Наверху мы встретились с приятелем и со Старокиевской горки, куда выходит одна из главных в городе Владимирская улица, по каскаду деревянных лестниц отправились вниз, в самое диковинное, самое булгаковское место Киева, хотя писатель к нему отношения не имеет. Как, например, не имеет отношения к самому булгаковскому зданию города - Дому с химерами на Банковой улице, напротив администрации президента Украины. Бешеная фантазия архитектора Городецкого и скульптора Саля возвела в начале XX века это серое уступчатое чудище, облепленное известной и неизвестной науке фауной.
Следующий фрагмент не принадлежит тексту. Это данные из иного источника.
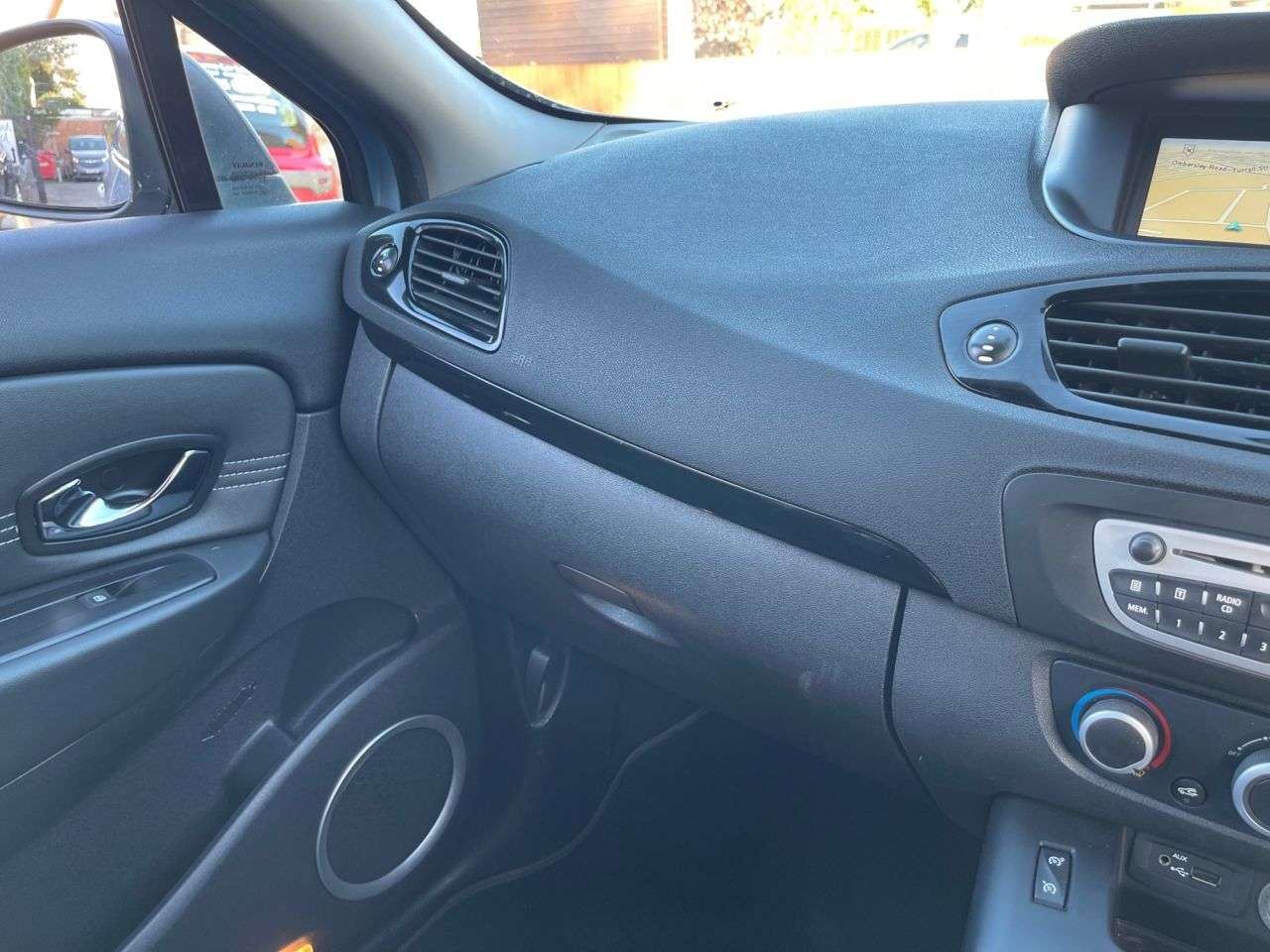 2011 RENAULT GRAND SCENIC 2011 RENAULT GRAND SCENIC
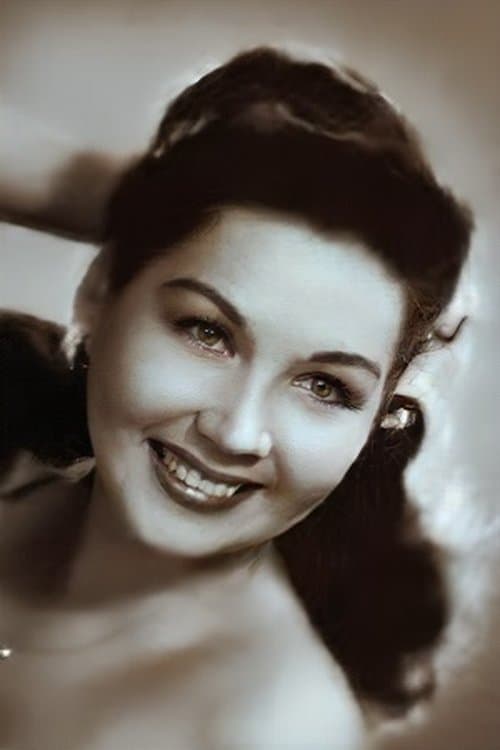Rosa Del Rosario zdjęcie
В горельефах преобладают носороги, но есть и олени, и киты, свечками задравшие хвосты в небо, и неприятные человекоподобные твари, и рыбы, и крокодилы, и жабы, свесившие лапы с крыши. Булгаков, разумеется, знал это обиталище нечисти, как знал его весь Киев. Дом с химерами мог бы стать замком Воланда, но в Москве автор талантливо поселил его в заурядную квартиру на Большой Садовой. В булгаковские времена котловина, куда мы спустились со Старокиевской горки, была обжита, здесь размещались гончарные и кожевенные мастерские, о чем напоминают окрестные названия - Гончарi, Кожум'яки. Еще в начале 70-х сюда можно было приехать за самогоном, которым в редких хибарах торговали последние подольские бандерши. Заросло русло ушедшего под землю ручья Киянец. На месте многоименная гора - Замковая, она же Фроловская, она же Киселева. Под горой - дичь.
Ничего подобного нет ни в одном большом европейском городе. Глубокий широкий овраг перерезает Эдинбург, но в нем - вокзал и торговый комплекс. Тут же, в городском центре, в двух шагах от киевского "Монмартра або Гренич Вилиджа", - дремучая лесная глушь, в которой не по себе даже днем.
Это все же не лес, неуют возникает от тревожного чувств; присутствия человека невнятного, мимолетного, нелегального. Кострища, следы дешевых пикников, бледные презервативы среди желтых одуванчиков, на склонах Киселевки - дымки, вдруг глухой говор из-за листвы.